Task description
Reproduce the entire listing exactly. Leave the pictures out.

Collected material
━━━
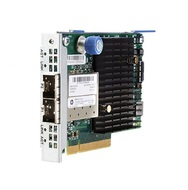 Адаптер HP FlexFabric 10Gb 2-Port 556FLR-SFP+ Adapter [727060-B21]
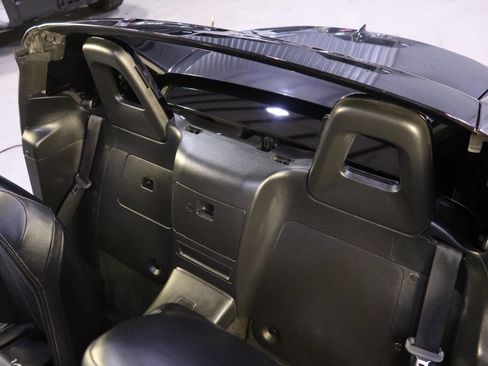 Used 2023 MAZDA MX-5 Miata Grand Touring image 31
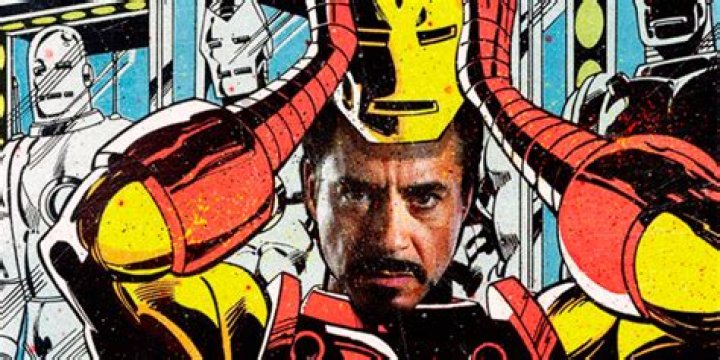 9-IronMan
━━━
Response for this exercise
 Адаптер HP FlexFabric 10Gb 2-Port 556FLR-SFP+ Adapter [727060-B21]
 Used 2023 MAZDA MX-5 Miata Grand Touring image 31
 9-IronMan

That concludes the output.